Data shown:
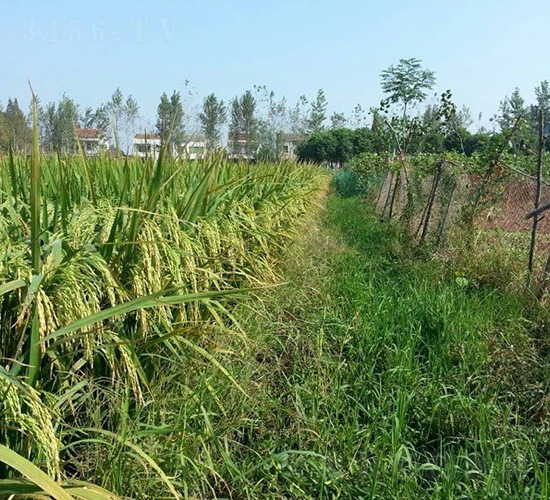 中9優(yōu)168-水稻種子-中種集團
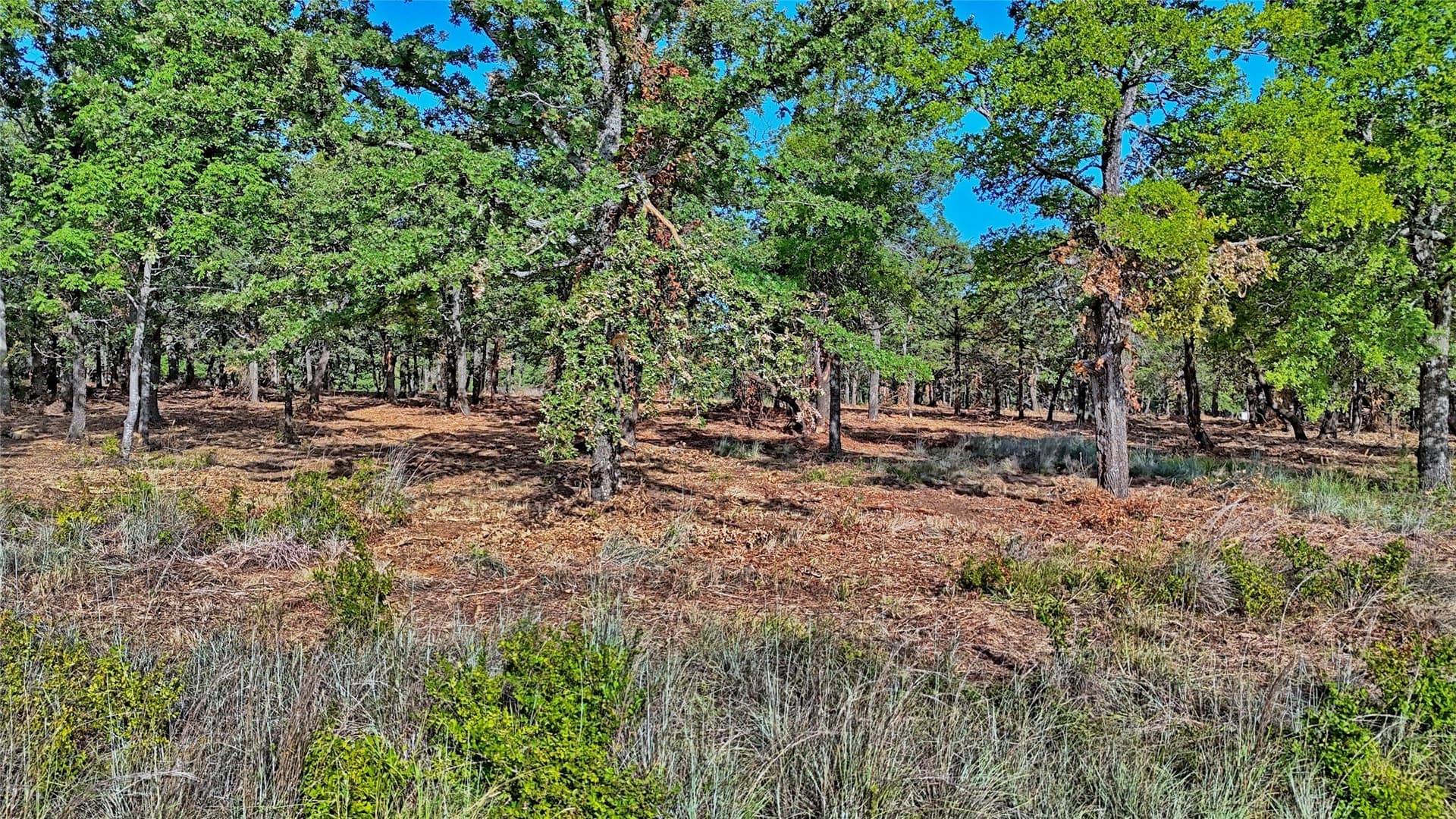 3 acres in Montague County - photo 2
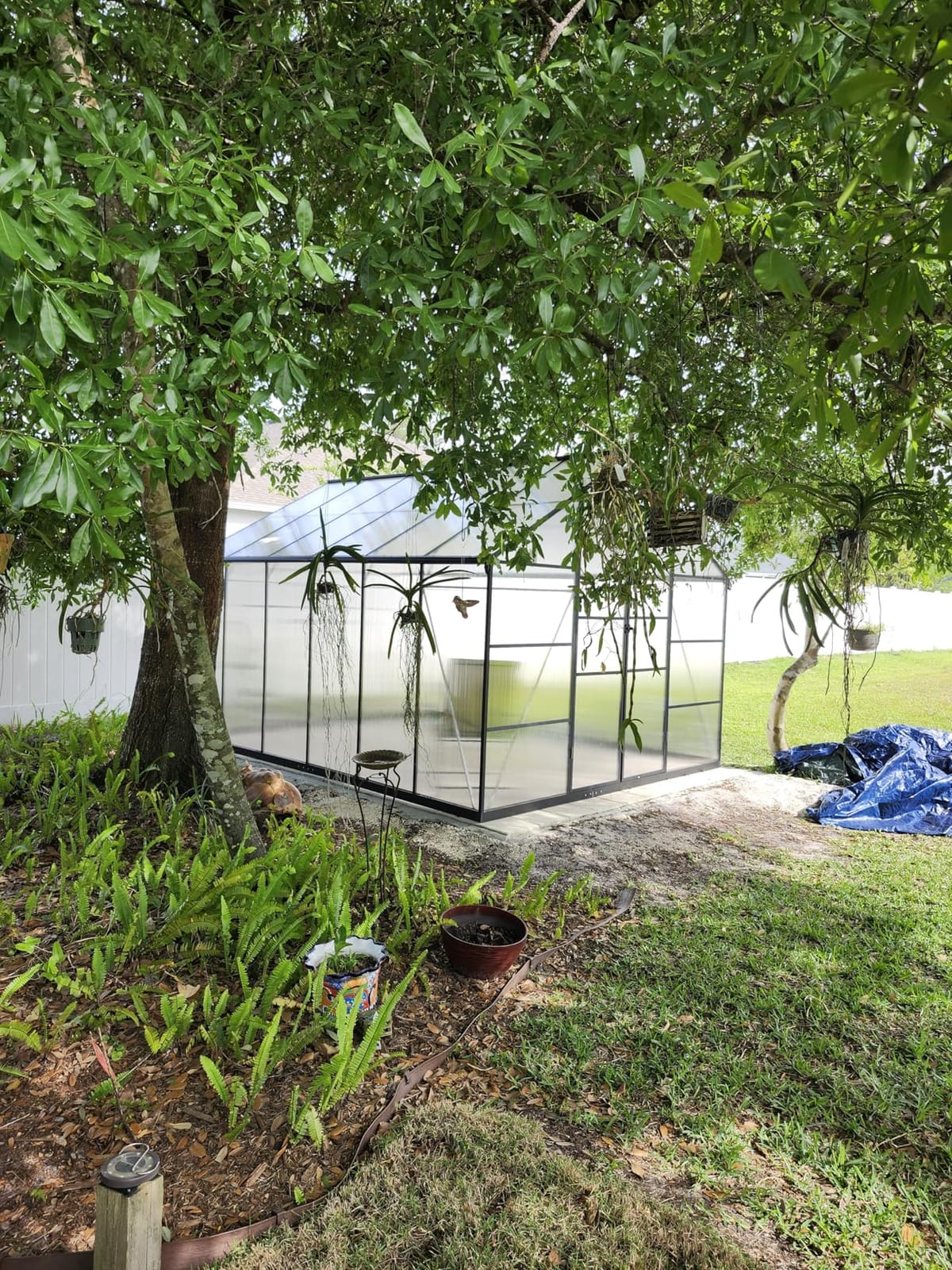 8X10FT Greenhouse with Thermometers, Large Aluminum Greenhouse for Outdoors | Polycarbonate Green House for Outside with Lockable Hinged Door, Easy Assembly Walk-in Greenhouse with Roof Vent for Backyard customer photo 2
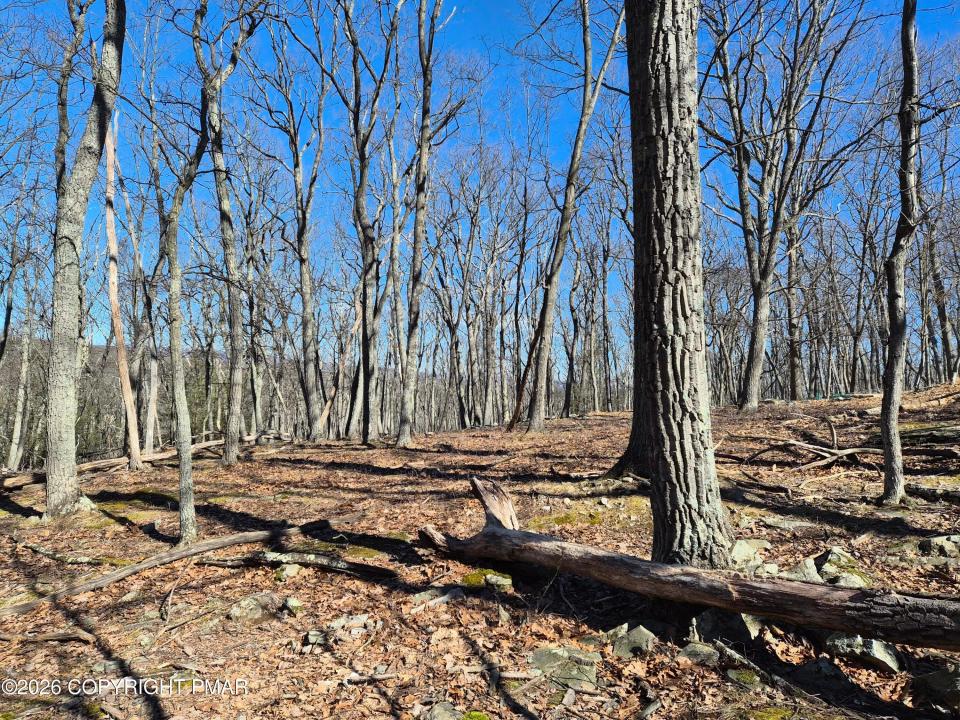 Sunlight Dr 11, Henryville, Pennsylvanie 18332, États-Unis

Task item: Would you repeat the complete listing exactly, excluding each picture it holds?

Your solution:
 中9優(yōu)168-水稻種子-中種集團
 3 acres in Montague County - photo 2
 8X10FT Greenhouse with Thermometers, Large Aluminum Greenhouse for Outdoors | Polycarbonate Green House for Outside with Lockable Hinged Door, Easy Assembly Walk-in Greenhouse with Roof Vent for Backyard customer photo 2
 Sunlight Dr 11, Henryville, Pennsylvanie 18332, États-Unis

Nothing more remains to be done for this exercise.